Ultimately, his vision of the car was approved for production. More than 77,000 were sold in its first full year, making it 2004’s top luxury sedan.
“I fought for the one I wanted, and it worked,” he said.
Honda is counting on those instincts to come through again. Honda President Takanobu Ito, who worked with Berkman at the U.S. R&D center in the 1990s, and Executive Vice President Tetsuo Iwamura, head of North American operations, have high expectations for him.
“Through his career, he has a very good understanding of Honda,” Iwamura said in a March interview at Honda’s U.S. headquarters in Torrance, California. “What we expect him to do is, through this good knowledge and experience, fulfill his dream of making North America strong.”
Civic Tweaks
Honda is looking better in 2012 already. With the factories again running at full capacity, U.S. sales have expanded 10 percent this year, buoyed by a 48 percent increase last month. While the company has easy comparisons with last year’s disaster-limited results, it has three models among the top 10 sellers in the U.S. this year: the midsize Accord, CR-V compact sport-utility vehicle and the Civic.

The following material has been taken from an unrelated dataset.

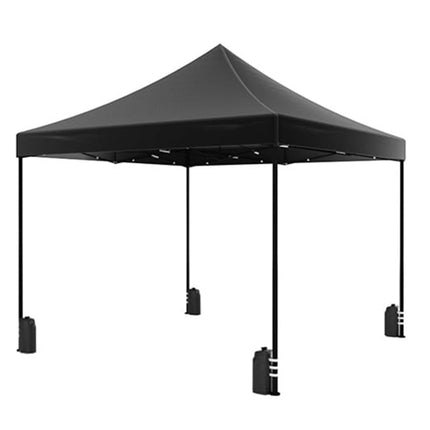 Easy up 3x3m zwart met zijwanden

The 2012 Civic drew a harsh review in Consumer Reports in August 2011 and failed to win the magazine’s “recommend” designation. The non-profit publication for decades consistently placed Honda models among its top picks. The magazine said the new car, compared with the version it replaced, had a choppier ride, less agility, longer stopping distances, more road noise and a worse interior.
Berkman has helped to fix it midstream. The model’s mid- cycle refresh, due in about three months, was moved up by about a year. Among the improvements will be better interior materials, he said.

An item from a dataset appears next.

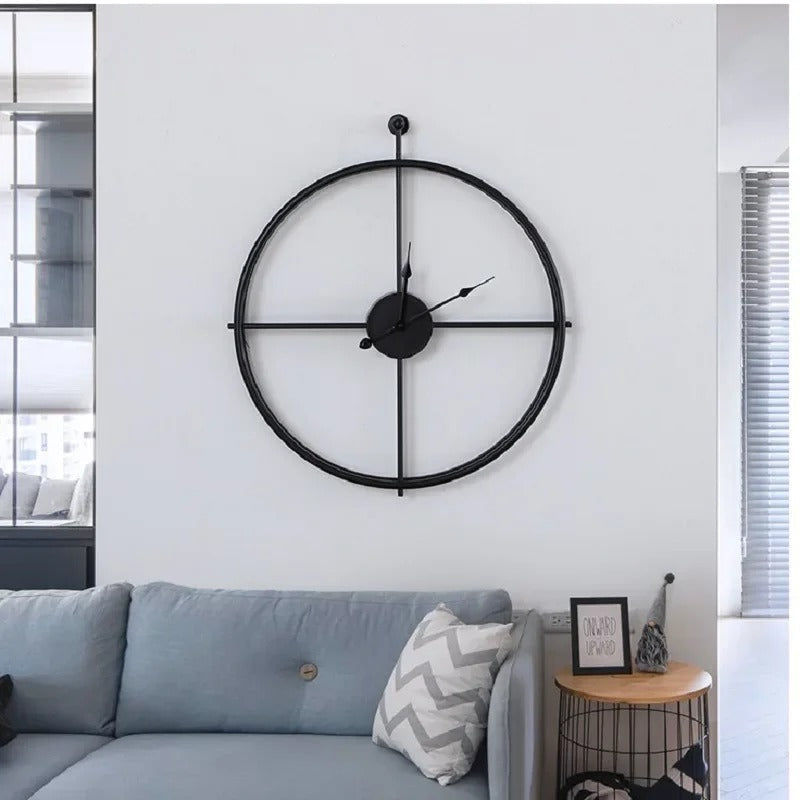 Orelo Round Metal Wall Clock Minimalist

“There’s an opportunity with the minor model change to tweak Civic,” Berkman said. “If we do that, we’ll knock off one more criticism.”
‘Earth Dreams’
He’s planning changes in styling, materials, driving dynamics and technology across the Honda and Acura model lines.
That begins this year with a revamped Accord featuring Honda’s new “Earth Dreams” family of engines and related technology, including continuously variable transmissions, the company’s first such powertrain change in a decade. Honda previously used CVTs only on small cars made in Japan.
Starting with the 2013 Accord, the new transmission, with an infinite number of gear ratios, replaces the current five- speed automatic to aid fuel-economy and performance, Berkman said. The engine line, with displacement ranges from 660 cubic centimeters to 3.5 liters, is being added to every new Honda model starting with Accord.
“You’re going to find that Accord is a very well-balanced product that is the best overall product in everything, whether we’re talking about interior packaging, content of the vehicle, the fuel economy of the vehicle,” he said. It “will be one of the most feature-rich vehicles we’ve ever made,” he said, without elaborating.
Acura Supercar
Acura, Honda’s premium brand that some auto reviewers don’t regard as a full-fledged luxury line, will also see new styling and benefit from technology such as the high-performance hybrid system going into the NSX, he said. The car, likely to cost more than $100,000, will be raced as well as sold, Ito said in Detroit in January.
The NSX will go on sale in about two years, Honda has said. An ad for the car that ran during this year’s Super Bowl featured comedians Jerry Seinfeld and Jay Leno.
Berkman said his team is eager to shake off the idea that Honda’s vehicles have become bland or lack the value of its glory days.
“Having high expectations or pressure is what’s necessary to get us to a point where we’re performing,” he said. “We want everybody to fall over and go: There it is again. There’s that Honda we used to praise.”